• _SUPPLIED RECORDS_
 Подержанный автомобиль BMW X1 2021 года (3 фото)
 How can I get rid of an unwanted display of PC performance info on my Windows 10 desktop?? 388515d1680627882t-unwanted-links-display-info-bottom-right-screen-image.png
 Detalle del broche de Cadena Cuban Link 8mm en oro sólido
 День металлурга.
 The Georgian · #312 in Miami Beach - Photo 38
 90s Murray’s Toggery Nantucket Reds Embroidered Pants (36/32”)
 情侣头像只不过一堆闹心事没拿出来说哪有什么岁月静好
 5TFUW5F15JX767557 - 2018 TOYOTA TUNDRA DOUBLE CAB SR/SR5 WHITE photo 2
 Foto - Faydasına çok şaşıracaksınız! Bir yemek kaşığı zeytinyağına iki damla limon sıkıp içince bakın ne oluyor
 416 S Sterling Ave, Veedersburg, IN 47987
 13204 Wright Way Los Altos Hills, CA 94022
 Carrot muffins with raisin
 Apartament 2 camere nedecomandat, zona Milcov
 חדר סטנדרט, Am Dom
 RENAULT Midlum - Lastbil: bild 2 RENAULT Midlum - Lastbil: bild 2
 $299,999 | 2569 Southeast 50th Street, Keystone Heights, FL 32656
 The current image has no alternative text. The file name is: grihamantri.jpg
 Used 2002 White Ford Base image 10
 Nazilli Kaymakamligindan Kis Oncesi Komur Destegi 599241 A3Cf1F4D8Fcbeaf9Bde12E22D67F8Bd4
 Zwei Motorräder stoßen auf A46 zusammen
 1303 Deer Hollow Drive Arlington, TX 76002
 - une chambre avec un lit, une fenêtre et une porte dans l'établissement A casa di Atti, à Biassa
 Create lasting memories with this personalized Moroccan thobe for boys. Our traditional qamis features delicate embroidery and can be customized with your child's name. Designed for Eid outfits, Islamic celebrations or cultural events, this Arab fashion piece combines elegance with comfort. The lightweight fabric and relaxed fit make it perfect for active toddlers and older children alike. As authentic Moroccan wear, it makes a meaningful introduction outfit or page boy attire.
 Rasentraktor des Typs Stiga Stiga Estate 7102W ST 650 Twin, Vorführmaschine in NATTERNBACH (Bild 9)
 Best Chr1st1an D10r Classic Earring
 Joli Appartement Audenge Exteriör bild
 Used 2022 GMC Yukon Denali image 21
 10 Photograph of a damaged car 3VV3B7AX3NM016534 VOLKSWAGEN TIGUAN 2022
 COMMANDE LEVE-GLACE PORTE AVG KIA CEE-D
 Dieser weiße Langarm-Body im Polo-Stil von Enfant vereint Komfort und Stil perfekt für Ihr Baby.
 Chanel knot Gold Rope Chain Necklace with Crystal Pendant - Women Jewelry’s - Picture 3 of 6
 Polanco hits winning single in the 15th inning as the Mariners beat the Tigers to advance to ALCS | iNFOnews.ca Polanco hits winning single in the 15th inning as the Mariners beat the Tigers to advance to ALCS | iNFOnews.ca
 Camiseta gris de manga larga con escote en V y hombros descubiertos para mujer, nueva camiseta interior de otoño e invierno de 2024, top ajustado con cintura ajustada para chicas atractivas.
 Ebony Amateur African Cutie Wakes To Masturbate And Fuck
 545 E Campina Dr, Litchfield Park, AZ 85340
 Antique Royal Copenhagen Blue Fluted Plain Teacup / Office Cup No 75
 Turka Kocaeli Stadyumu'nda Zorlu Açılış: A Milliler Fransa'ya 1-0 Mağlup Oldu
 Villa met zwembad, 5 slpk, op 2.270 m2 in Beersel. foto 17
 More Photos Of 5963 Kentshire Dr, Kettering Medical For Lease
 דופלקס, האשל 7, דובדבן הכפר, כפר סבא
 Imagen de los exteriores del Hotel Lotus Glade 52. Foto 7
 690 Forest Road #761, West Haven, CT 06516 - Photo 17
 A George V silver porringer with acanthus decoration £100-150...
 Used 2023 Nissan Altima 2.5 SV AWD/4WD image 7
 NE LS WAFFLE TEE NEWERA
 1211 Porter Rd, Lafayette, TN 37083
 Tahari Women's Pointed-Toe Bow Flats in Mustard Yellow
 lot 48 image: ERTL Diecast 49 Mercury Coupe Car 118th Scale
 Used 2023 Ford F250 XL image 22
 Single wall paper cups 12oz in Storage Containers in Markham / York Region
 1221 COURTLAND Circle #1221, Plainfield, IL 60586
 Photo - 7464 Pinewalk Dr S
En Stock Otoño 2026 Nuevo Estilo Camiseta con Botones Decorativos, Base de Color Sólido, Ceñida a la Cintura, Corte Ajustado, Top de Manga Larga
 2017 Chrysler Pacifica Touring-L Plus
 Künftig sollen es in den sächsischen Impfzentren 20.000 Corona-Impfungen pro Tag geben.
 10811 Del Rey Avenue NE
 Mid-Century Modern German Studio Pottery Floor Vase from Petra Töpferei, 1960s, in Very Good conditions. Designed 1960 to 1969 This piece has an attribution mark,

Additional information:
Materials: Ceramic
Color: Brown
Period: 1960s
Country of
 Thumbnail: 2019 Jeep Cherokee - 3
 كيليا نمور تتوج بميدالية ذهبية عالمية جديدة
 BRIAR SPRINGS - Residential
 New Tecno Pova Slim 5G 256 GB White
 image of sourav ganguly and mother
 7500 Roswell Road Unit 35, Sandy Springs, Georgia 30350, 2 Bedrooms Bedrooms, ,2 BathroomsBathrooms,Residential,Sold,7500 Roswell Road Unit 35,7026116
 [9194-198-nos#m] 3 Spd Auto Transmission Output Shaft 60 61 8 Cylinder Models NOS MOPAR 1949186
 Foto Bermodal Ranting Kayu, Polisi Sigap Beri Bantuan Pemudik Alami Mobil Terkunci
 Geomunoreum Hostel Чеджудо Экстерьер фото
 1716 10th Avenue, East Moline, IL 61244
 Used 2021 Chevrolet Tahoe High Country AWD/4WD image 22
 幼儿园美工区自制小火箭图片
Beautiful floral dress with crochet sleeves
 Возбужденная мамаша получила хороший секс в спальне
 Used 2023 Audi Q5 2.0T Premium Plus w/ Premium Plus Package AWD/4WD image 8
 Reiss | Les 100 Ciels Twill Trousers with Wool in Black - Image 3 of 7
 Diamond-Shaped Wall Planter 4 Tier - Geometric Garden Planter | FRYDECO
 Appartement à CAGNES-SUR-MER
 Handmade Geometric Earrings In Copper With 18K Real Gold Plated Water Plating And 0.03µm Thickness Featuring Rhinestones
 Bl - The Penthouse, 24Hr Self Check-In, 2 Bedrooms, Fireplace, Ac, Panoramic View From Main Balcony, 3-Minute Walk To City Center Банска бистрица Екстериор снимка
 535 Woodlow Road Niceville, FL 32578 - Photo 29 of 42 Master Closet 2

• _WORK TASK_
Every record, from top to bottom, must be transcribed exactly.

• _YOUR RESPONSE_
 Подержанный автомобиль BMW X1 2021 года (3 фото)
 How can I get rid of an unwanted display of PC performance info on my Windows 10 desktop?? 388515d1680627882t-unwanted-links-display-info-bottom-right-screen-image.png
 Detalle del broche de Cadena Cuban Link 8mm en oro sólido
 День металлурга.
 The Georgian · #312 in Miami Beach - Photo 38
 90s Murray’s Toggery Nantucket Reds Embroidered Pants (36/32”)
 情侣头像只不过一堆闹心事没拿出来说哪有什么岁月静好
 5TFUW5F15JX767557 - 2018 TOYOTA TUNDRA DOUBLE CAB SR/SR5 WHITE photo 2
 Foto - Faydasına çok şaşıracaksınız! Bir yemek kaşığı zeytinyağına iki damla limon sıkıp içince bakın ne oluyor
 416 S Sterling Ave, Veedersburg, IN 47987
 13204 Wright Way Los Altos Hills, CA 94022
 Carrot muffins with raisin
 Apartament 2 camere nedecomandat, zona Milcov
 חדר סטנדרט, Am Dom
 RENAULT Midlum - Lastbil: bild 2 RENAULT Midlum - Lastbil: bild 2
 $299,999 | 2569 Southeast 50th Street, Keystone Heights, FL 32656
 The current image has no alternative text. The file name is: grihamantri.jpg
 Used 2002 White Ford Base image 10
 Nazilli Kaymakamligindan Kis Oncesi Komur Destegi 599241 A3Cf1F4D8Fcbeaf9Bde12E22D67F8Bd4
 Zwei Motorräder stoßen auf A46 zusammen
 1303 Deer Hollow Drive Arlington, TX 76002
 - une chambre avec un lit, une fenêtre et une porte dans l'établissement A casa di Atti, à Biassa
 Create lasting memories with this personalized Moroccan thobe for boys. Our traditional qamis features delicate embroidery and can be customized with your child's name. Designed for Eid outfits, Islamic celebrations or cultural events, this Arab fashion piece combines elegance with comfort. The lightweight fabric and relaxed fit make it perfect for active toddlers and older children alike. As authentic Moroccan wear, it makes a meaningful introduction outfit or page boy attire.
 Rasentraktor des Typs Stiga Stiga Estate 7102W ST 650 Twin, Vorführmaschine in NATTERNBACH (Bild 9)
 Best Chr1st1an D10r Classic Earring
 Joli Appartement Audenge Exteriör bild
 Used 2022 GMC Yukon Denali image 21
 10 Photograph of a damaged car 3VV3B7AX3NM016534 VOLKSWAGEN TIGUAN 2022
 COMMANDE LEVE-GLACE PORTE AVG KIA CEE-D
 Dieser weiße Langarm-Body im Polo-Stil von Enfant vereint Komfort und Stil perfekt für Ihr Baby.
 Chanel knot Gold Rope Chain Necklace with Crystal Pendant - Women Jewelry’s - Picture 3 of 6
 Polanco hits winning single in the 15th inning as the Mariners beat the Tigers to advance to ALCS | iNFOnews.ca Polanco hits winning single in the 15th inning as the Mariners beat the Tigers to advance to ALCS | iNFOnews.ca
 Camiseta gris de manga larga con escote en V y hombros descubiertos para mujer, nueva camiseta interior de otoño e invierno de 2024, top ajustado con cintura ajustada para chicas atractivas.
 Ebony Amateur African Cutie Wakes To Masturbate And Fuck
 545 E Campina Dr, Litchfield Park, AZ 85340
 Antique Royal Copenhagen Blue Fluted Plain Teacup / Office Cup No 75
 Turka Kocaeli Stadyumu'nda Zorlu Açılış: A Milliler Fransa'ya 1-0 Mağlup Oldu
 Villa met zwembad, 5 slpk, op 2.270 m2 in Beersel. foto 17
 More Photos Of 5963 Kentshire Dr, Kettering Medical For Lease
 דופלקס, האשל 7, דובדבן הכפר, כפר סבא
 Imagen de los exteriores del Hotel Lotus Glade 52. Foto 7
 690 Forest Road #761, West Haven, CT 06516 - Photo 17
 A George V silver porringer with acanthus decoration £100-150...
 Used 2023 Nissan Altima 2.5 SV AWD/4WD image 7
 NE LS WAFFLE TEE NEWERA
 1211 Porter Rd, Lafayette, TN 37083
 Tahari Women's Pointed-Toe Bow Flats in Mustard Yellow
 lot 48 image: ERTL Diecast 49 Mercury Coupe Car 118th Scale
 Used 2023 Ford F250 XL image 22
 Single wall paper cups 12oz in Storage Containers in Markham / York Region
 1221 COURTLAND Circle #1221, Plainfield, IL 60586
 Photo - 7464 Pinewalk Dr S
En Stock Otoño 2026 Nuevo Estilo Camiseta con Botones Decorativos, Base de Color Sólido, Ceñida a la Cintura, Corte Ajustado, Top de Manga Larga
 2017 Chrysler Pacifica Touring-L Plus
 Künftig sollen es in den sächsischen Impfzentren 20.000 Corona-Impfungen pro Tag geben.
 10811 Del Rey Avenue NE
 Mid-Century Modern German Studio Pottery Floor Vase from Petra Töpferei, 1960s, in Very Good conditions. Designed 1960 to 1969 This piece has an attribution mark,

Additional information:
Materials: Ceramic
Color: Brown
Period: 1960s
Country of
 Thumbnail: 2019 Jeep Cherokee - 3
 كيليا نمور تتوج بميدالية ذهبية عالمية جديدة
 BRIAR SPRINGS - Residential
 New Tecno Pova Slim 5G 256 GB White
 image of sourav ganguly and mother
 7500 Roswell Road Unit 35, Sandy Springs, Georgia 30350, 2 Bedrooms Bedrooms, ,2 BathroomsBathrooms,Residential,Sold,7500 Roswell Road Unit 35,7026116
 [9194-198-nos#m] 3 Spd Auto Transmission Output Shaft 60 61 8 Cylinder Models NOS MOPAR 1949186
 Foto Bermodal Ranting Kayu, Polisi Sigap Beri Bantuan Pemudik Alami Mobil Terkunci
 Geomunoreum Hostel Чеджудо Экстерьер фото
 1716 10th Avenue, East Moline, IL 61244
 Used 2021 Chevrolet Tahoe High Country AWD/4WD image 22
 幼儿园美工区自制小火箭图片
Beautiful floral dress with crochet sleeves
 Возбужденная мамаша получила хороший секс в спальне
 Used 2023 Audi Q5 2.0T Premium Plus w/ Premium Plus Package AWD/4WD image 8
 Reiss | Les 100 Ciels Twill Trousers with Wool in Black - Image 3 of 7
 Diamond-Shaped Wall Planter 4 Tier - Geometric Garden Planter | FRYDECO
 Appartement à CAGNES-SUR-MER
 Handmade Geometric Earrings In Copper With 18K Real Gold Plated Water Plating And 0.03µm Thickness Featuring Rhinestones
 Bl - The Penthouse, 24Hr Self Check-In, 2 Bedrooms, Fireplace, Ac, Panoramic View From Main Balcony, 3-Minute Walk To City Center Банска бистрица Екстериор снимка
 535 Woodlow Road Niceville, FL 32578 - Photo 29 of 42 Master Closet 2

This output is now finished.